• [Task item]
Data follows below. Repeat exactly the lines between the line holding "Volkswagen Passat 2.0 TDi" and the line holding "Used 2022 Hyundai", inclusive, and nothing more; drop pictures.

Top of Records shown

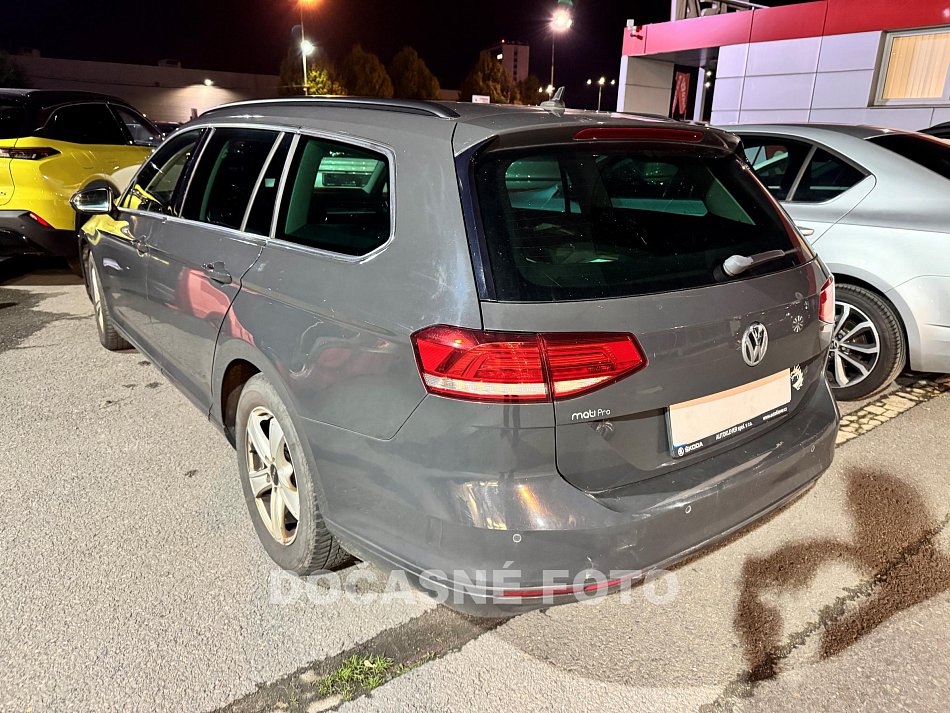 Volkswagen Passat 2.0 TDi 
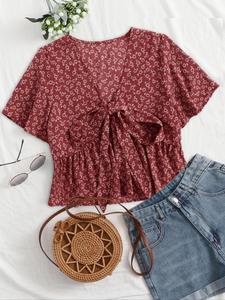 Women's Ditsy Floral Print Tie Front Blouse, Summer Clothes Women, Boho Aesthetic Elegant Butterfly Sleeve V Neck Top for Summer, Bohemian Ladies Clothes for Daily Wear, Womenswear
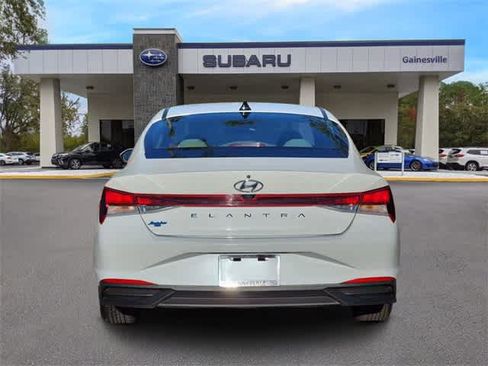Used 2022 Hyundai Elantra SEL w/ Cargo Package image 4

Bottom of Records shown
Top of Records shown

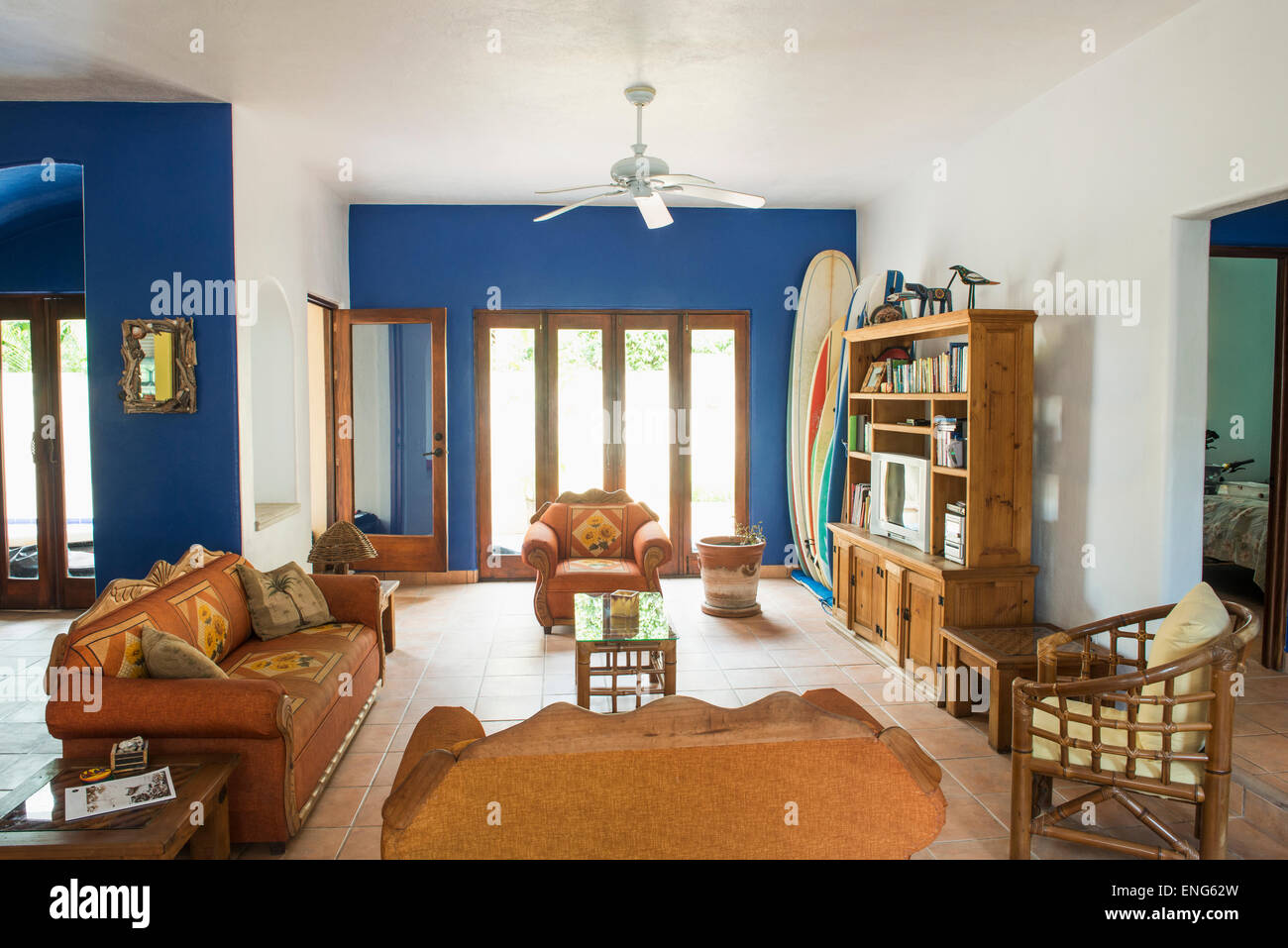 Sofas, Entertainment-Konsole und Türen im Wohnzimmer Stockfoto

Bottom of Records shown
Top of Records shown

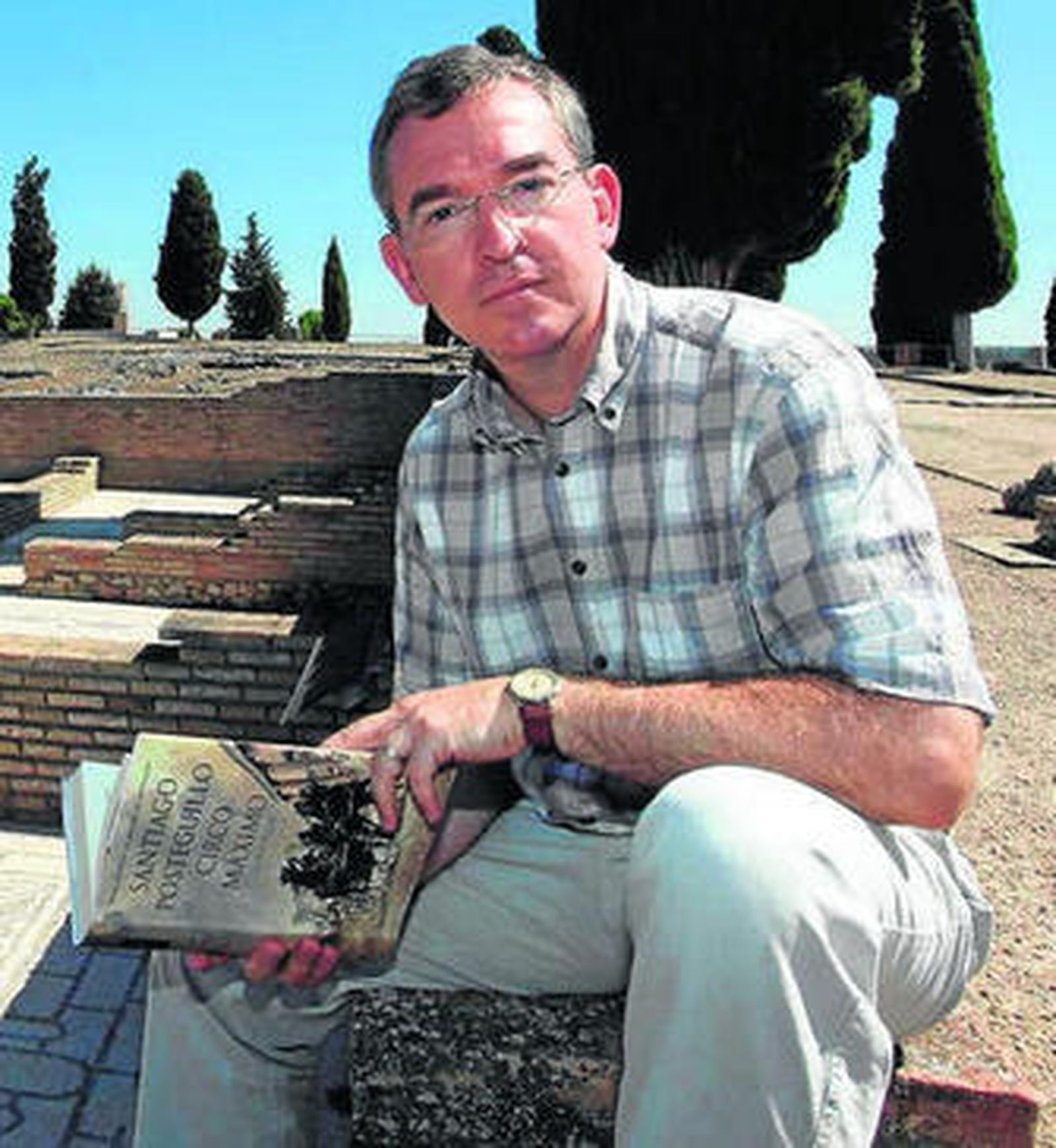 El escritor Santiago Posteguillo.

Bottom of Records shown

• [Task solution]
 Volkswagen Passat 2.0 TDi 
 Women's Ditsy Floral Print Tie Front Blouse, Summer Clothes Women, Boho Aesthetic Elegant Butterfly Sleeve V Neck Top for Summer, Bohemian Ladies Clothes for Daily Wear, Womenswear
Used 2022 Hyundai Elantra SEL w/ Cargo Package image 4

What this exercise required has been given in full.